# PROBLEM DETAILS
Write out, without any change, the lines in the material below that run from the line with "Women’s Size 8" through the line with "Set Caja Registradora Y Carro Azul Gift Hf", both included.

# DATA FOR ANALYSIS
Start of Block

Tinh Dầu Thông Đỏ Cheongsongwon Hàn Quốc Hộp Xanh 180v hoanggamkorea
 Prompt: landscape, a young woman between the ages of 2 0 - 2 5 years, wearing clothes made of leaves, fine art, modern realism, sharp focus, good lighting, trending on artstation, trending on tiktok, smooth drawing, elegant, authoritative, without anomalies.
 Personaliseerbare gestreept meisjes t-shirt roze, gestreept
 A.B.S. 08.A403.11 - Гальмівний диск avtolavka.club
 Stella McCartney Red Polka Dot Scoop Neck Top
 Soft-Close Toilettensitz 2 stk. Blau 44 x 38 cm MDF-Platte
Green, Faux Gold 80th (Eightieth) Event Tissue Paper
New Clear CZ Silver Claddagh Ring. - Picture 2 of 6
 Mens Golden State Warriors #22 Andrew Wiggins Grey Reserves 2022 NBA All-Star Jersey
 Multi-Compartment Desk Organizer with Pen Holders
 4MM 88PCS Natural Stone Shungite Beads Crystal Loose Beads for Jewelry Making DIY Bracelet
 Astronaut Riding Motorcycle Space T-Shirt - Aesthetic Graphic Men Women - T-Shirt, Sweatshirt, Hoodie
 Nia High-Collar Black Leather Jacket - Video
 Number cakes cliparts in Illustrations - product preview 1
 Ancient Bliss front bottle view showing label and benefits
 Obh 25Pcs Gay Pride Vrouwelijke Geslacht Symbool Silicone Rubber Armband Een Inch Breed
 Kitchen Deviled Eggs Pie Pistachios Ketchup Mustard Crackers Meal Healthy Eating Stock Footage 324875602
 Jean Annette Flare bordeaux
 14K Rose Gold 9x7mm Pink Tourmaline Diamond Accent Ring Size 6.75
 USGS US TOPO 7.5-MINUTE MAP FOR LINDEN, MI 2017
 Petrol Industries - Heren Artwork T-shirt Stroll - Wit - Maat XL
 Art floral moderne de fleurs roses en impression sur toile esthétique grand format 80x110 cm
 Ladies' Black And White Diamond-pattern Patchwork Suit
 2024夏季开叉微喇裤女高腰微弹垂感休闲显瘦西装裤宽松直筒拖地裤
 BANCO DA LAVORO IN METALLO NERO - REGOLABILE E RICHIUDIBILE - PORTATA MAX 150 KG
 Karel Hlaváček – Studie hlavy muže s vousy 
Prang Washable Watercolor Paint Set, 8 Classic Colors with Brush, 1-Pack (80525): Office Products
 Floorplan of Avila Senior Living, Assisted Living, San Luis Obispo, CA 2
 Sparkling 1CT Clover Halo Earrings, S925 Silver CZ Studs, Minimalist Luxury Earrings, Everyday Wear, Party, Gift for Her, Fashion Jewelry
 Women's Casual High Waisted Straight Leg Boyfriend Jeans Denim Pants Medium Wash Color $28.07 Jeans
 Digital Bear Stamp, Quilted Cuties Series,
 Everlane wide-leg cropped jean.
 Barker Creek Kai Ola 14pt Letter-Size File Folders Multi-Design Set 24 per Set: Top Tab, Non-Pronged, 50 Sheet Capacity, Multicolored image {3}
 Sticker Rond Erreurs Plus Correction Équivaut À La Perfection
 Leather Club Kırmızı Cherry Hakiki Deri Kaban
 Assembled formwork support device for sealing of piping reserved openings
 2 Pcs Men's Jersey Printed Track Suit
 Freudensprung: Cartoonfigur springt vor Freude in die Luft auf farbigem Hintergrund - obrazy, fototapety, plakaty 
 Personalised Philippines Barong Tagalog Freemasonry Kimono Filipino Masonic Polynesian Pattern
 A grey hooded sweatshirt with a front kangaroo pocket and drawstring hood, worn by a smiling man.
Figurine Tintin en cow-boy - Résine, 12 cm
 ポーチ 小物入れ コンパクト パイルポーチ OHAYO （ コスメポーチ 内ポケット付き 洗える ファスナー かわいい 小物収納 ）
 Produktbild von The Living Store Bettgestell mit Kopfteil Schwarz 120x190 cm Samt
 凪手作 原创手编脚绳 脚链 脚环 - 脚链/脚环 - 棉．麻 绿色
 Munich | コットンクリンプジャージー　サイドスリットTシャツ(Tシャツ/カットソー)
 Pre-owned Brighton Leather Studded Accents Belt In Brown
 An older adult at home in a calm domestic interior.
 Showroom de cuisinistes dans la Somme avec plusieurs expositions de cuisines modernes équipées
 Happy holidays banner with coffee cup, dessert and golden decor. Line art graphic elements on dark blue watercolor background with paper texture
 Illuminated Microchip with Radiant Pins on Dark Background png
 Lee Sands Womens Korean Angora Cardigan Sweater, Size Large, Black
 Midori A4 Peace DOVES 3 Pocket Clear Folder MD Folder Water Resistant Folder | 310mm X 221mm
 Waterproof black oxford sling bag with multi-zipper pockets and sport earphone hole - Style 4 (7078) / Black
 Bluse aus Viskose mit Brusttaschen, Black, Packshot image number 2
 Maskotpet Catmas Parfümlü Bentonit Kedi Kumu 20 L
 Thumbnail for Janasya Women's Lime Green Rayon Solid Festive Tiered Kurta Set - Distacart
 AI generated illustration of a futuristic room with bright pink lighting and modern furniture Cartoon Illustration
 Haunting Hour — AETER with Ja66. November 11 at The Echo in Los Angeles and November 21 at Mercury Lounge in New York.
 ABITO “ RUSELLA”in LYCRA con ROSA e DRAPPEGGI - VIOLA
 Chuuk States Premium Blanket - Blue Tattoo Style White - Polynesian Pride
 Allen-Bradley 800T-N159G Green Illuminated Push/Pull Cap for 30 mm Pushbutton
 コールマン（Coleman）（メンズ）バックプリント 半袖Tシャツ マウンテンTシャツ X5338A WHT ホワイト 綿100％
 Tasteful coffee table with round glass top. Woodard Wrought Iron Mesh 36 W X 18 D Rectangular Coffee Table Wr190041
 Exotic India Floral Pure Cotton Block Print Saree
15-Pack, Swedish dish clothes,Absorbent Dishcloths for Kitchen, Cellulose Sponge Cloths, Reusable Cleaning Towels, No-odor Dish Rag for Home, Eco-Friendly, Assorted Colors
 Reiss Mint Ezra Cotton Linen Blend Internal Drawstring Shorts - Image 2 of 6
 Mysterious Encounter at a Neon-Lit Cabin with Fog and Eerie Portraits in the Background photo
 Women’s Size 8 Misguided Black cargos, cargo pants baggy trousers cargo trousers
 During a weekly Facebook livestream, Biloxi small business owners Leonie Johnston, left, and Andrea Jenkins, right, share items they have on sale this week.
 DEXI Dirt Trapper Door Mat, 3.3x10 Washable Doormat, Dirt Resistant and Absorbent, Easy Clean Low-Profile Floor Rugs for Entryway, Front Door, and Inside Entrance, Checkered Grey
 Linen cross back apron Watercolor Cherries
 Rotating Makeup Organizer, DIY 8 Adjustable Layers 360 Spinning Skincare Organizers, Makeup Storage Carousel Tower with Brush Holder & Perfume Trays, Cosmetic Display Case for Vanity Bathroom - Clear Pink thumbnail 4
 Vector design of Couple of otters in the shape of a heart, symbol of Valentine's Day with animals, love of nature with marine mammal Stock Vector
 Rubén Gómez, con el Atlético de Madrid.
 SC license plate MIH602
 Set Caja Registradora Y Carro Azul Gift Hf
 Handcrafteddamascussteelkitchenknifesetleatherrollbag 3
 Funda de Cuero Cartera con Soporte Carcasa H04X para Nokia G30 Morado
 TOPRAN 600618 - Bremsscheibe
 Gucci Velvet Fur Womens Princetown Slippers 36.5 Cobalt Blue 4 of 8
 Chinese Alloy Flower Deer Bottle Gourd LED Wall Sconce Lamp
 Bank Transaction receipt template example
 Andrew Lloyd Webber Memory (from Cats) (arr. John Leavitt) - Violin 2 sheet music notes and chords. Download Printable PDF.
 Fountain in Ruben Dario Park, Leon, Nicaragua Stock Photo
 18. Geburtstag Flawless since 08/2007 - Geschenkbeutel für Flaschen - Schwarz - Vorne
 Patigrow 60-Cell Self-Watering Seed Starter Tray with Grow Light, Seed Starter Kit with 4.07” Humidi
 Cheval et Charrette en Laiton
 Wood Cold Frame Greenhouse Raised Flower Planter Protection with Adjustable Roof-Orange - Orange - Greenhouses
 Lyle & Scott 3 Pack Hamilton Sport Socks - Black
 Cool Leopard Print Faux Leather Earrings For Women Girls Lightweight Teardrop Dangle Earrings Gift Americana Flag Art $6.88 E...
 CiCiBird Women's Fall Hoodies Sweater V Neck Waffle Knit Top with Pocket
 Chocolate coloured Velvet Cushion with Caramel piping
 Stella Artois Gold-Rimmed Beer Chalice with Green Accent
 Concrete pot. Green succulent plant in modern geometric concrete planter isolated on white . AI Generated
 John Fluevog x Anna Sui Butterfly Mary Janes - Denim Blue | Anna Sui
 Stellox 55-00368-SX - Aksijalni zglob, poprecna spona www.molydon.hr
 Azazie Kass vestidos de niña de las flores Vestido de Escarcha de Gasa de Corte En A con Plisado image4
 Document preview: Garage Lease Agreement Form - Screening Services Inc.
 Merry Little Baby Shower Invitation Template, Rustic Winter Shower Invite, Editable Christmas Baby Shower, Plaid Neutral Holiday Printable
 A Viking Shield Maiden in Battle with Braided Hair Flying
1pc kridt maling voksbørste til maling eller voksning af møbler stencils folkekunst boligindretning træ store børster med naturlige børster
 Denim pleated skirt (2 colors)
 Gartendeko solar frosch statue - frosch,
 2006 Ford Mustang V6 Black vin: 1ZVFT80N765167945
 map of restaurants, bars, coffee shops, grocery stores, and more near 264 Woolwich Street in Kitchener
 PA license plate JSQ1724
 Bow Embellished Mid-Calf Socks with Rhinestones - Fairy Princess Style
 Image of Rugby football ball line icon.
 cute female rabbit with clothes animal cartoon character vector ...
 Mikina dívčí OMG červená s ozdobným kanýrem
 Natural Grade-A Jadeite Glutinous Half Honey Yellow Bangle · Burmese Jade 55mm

End of Block

# EXERCISE RESPONSE
 Women’s Size 8 Misguided Black cargos, cargo pants baggy trousers cargo trousers
 During a weekly Facebook livestream, Biloxi small business owners Leonie Johnston, left, and Andrea Jenkins, right, share items they have on sale this week.
 DEXI Dirt Trapper Door Mat, 3.3x10 Washable Doormat, Dirt Resistant and Absorbent, Easy Clean Low-Profile Floor Rugs for Entryway, Front Door, and Inside Entrance, Checkered Grey
 Linen cross back apron Watercolor Cherries
 Rotating Makeup Organizer, DIY 8 Adjustable Layers 360 Spinning Skincare Organizers, Makeup Storage Carousel Tower with Brush Holder & Perfume Trays, Cosmetic Display Case for Vanity Bathroom - Clear Pink thumbnail 4
 Vector design of Couple of otters in the shape of a heart, symbol of Valentine's Day with animals, love of nature with marine mammal Stock Vector
 Rubén Gómez, con el Atlético de Madrid.
 SC license plate MIH602
 Set Caja Registradora Y Carro Azul Gift Hf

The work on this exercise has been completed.